Students are once again set to protest, as the government make further education cuts.
The coalition are set to scrap the Education Maintenance Allowance, which was set up by labour in order to encourage young people from deprived backgrounds to continue in education after the age of 16.
The scheme reportedly costs £560m a year and the government want it scrapped.
Walkouts and protests are planned all over England today, in a bid to make to the government understand how important this allowance is.
“It’s money that I can’t do without,” said student Lorenzo Brown. “It’s for transport and for books and it’s vital for me, absolutely vital.”
It is predicted that if the allowance was taken away, many students would simply drop out of school. Dudley college in the West Midlands currently has 2,500 students, 80% of which are receiving EMA. Many of these are at the higher rate of £30 a week.
College principal Lowell Williams said “Our biggest fear is that young people will be forced into making the wrong choice at the age of 16,”
“It could be that they decide to stop attending college or they opt to take a job with no training.
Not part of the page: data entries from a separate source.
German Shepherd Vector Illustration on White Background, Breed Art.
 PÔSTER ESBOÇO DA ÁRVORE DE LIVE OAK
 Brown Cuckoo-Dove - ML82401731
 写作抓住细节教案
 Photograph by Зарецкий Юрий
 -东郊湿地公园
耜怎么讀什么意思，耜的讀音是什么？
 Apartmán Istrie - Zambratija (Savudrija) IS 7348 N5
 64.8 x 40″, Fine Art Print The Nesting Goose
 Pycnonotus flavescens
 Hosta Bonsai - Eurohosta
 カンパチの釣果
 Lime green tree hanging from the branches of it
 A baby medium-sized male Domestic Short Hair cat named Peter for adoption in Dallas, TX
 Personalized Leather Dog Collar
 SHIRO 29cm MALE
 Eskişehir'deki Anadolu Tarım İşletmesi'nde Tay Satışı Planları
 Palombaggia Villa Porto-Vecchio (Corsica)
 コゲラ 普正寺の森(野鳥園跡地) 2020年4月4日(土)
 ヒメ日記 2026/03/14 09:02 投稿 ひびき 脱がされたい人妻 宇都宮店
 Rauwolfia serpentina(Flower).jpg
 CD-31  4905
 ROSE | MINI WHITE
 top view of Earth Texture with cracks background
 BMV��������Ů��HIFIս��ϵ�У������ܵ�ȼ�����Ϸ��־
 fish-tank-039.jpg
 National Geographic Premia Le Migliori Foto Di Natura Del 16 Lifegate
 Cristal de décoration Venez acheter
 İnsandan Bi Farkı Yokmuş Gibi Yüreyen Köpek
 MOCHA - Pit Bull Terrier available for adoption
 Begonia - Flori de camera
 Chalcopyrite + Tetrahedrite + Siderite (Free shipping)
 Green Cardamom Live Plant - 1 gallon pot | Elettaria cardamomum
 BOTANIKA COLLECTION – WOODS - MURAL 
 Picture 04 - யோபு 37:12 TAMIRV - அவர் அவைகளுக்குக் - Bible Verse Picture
It’s a big, big worry for colleges up and down the country.”
It has been shown that EMA is highly successful in keeping students in colleges and also improving the level of education they receive.
George Owers, a university student who received the EMA when during his A-levels pointed out that “It means that you can spend more time studying and less time doing part-time jobs,”
However there are many pressure groups that are backing the government’s decision, calling the allowance “hugely expensive” and “wasteful”.